The team had been improving retrieval quality by increasing the number of passages in the grounded prompt — from 5 to 10 over the quarter, justified by faithfulness improvements. Each addition was a small improvement; aggregated, they doubled prefill time. The TTFT regression was a direct consequence of decisions the team had been making, but those decisions had been instrumented for retrieval quality and not for latency. The investigation focused on the model because that's where the team's instinct went; the actual cause was upstream in the grounded prompt assembly.
Week three of the investigation, a new engineer asked what the average grounded prompt size had been four weeks ago vs now. The answer was 1.4k tokens then, 2.9k tokens now. The TTFT regression was explained immediately; the team rolled back the most recent passage additions, hit the original TTFT, and resumed the faithfulness improvements with explicit latency budgeting per addition.
When the first passage addition was being discussed: 'Each passage added increases prefill latency. Before we add more passages, we need a latency budget for grounded prompt size and a faithfulness-vs-latency willingness-to-trade ratio. Otherwise we'll improve faithfulness and regress TTFT silently, which is what users will feel.' That conversation at the time of the first passage addition would have prevented the entire regression.
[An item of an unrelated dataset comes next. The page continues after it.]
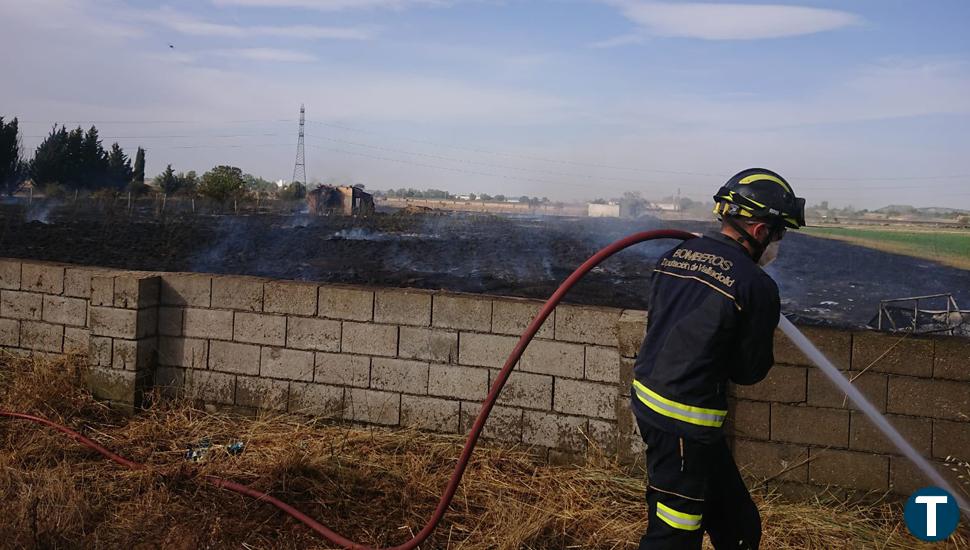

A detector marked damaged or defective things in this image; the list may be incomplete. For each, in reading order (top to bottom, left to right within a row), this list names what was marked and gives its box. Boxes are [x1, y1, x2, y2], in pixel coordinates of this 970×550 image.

damaged structure [306, 188, 374, 218]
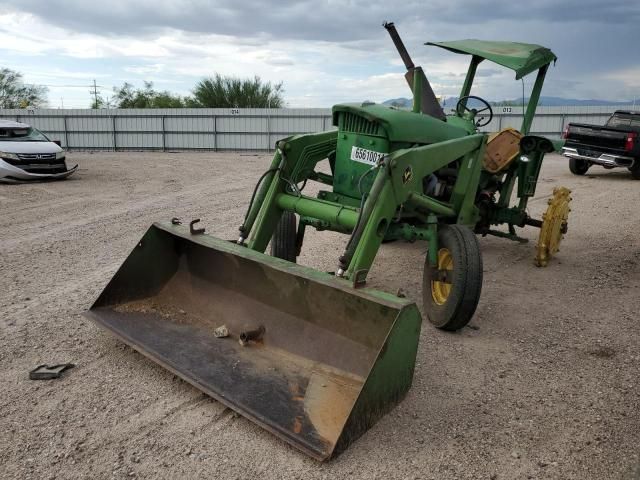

LLM search latency lives in the grounded prompt, not the model. Faithfulness improvements via more passages compound into TTFT regressions if the budget isn't explicit. The RGSA framework forces the budget conversation by naming the stages and their costs. The wrong place to look during a TTFT regression is the model; the right place is upstream in the prompt construction.